Because a rolling model was fit, a similar analysis can be performed as Section 5.6 where the stability of the coefficients over time was analyzed. In this case, the assignment of hedging weights by the models over time can be analyzed rather than just the coefficients. Some interesting insights can be gathered from Figure 6.1. Keeping in mind that duration models are only allowed to assign weight to a 1 year and 10 year zero, it is interesting to see how stagnant the weighting is between the 1 year and 10 year. The fact that the model essentially does not have the flexibility to vary the weights much over time likely contributes to its poor performance. The duration model also never shorts, which likely helps the regression models. The weightings in the duration models do make sense, with more than 50% being assigned to the 1-year bond to hedge the 3-year bullet, and more than 50% being assigned to the 10-year the hedge the 7-year bullet. In the regression models, there is an implicit risk free instrument that weight can be assigned to, so a 4th row in the figure is included to incorporate that. The simple regression model only shifts weights around in periods of high stress, 2001 and the jump around 2008 being two examples, but even so, the weightings are surprisingly stable over time. This is especially apparent when contrasted with the multiplicative regression. Weights are highly varied over time, but the performance gain for this is limited as seen in the RMSHE results, questioning the need for the complex model.

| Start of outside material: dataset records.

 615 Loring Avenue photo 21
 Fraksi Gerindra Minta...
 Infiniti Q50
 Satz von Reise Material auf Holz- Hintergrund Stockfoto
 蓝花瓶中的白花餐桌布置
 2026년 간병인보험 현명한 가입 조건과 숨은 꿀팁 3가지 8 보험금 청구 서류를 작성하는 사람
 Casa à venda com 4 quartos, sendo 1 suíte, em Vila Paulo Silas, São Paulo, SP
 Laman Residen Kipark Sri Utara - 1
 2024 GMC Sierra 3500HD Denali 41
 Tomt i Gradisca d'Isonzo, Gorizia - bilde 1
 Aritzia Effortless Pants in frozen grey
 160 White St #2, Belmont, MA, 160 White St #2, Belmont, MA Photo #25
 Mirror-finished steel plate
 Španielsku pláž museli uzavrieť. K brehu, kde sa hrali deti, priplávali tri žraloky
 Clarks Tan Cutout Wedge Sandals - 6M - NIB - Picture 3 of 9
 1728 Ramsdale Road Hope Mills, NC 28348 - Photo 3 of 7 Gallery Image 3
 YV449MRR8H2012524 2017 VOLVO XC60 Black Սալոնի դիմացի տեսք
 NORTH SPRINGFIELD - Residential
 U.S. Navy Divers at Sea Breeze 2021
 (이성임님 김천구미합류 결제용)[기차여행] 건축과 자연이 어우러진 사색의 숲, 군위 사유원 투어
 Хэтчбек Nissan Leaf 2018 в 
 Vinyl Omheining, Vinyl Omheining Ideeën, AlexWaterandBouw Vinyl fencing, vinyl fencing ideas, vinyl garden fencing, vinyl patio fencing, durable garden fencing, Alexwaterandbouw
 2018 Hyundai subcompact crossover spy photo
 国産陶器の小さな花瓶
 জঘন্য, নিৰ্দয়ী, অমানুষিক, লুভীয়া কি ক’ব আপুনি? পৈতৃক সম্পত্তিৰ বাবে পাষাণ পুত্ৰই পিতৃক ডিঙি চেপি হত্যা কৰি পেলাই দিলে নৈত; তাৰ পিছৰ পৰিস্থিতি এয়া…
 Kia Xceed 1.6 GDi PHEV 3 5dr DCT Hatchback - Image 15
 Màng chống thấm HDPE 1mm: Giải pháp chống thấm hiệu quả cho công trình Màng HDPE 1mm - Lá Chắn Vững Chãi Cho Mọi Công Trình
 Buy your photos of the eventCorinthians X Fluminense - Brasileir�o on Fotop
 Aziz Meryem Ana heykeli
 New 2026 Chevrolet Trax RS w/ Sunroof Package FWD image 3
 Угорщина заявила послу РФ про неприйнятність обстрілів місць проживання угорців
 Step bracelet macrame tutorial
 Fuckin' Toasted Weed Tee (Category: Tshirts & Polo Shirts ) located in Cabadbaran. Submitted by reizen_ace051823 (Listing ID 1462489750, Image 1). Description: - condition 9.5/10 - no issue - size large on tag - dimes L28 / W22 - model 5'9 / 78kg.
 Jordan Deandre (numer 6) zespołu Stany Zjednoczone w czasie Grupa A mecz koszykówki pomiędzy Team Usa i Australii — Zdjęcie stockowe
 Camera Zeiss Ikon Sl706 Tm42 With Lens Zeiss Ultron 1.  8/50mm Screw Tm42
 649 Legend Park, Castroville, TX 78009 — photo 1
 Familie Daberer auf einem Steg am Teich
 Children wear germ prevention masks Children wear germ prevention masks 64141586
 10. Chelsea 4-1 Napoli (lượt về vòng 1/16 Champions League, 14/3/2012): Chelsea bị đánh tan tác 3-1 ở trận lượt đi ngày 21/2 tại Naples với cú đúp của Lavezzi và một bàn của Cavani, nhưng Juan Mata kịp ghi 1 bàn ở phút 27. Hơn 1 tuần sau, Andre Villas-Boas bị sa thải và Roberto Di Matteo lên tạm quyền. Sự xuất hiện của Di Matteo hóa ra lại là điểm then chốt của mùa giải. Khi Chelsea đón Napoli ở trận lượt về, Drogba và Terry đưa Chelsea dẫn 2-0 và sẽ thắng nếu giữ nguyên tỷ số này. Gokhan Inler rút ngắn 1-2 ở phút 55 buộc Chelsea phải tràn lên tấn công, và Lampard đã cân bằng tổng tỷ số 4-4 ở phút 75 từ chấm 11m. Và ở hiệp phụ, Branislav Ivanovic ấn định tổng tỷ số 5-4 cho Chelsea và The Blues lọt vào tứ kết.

Figure 6.1: Hedging weight assignment over time

Another way to view the weights over time is by stacking them. This is done in Figure 6.2 and provides another unique view into the change in the total weight distribution over time. This view confirms the stagnant weights in the duration models, but also offers some other new insights. In the regression models, hedging the 3-year bullet requires shorting the 10-year and the risk free, while hedging the 7-year bullet only required hedging the 1-year bond. This view also further demonstrates the wild swings in the multiplicative regression, for questionable performance gains.

Figure 6.2: Stacked weight assignment over time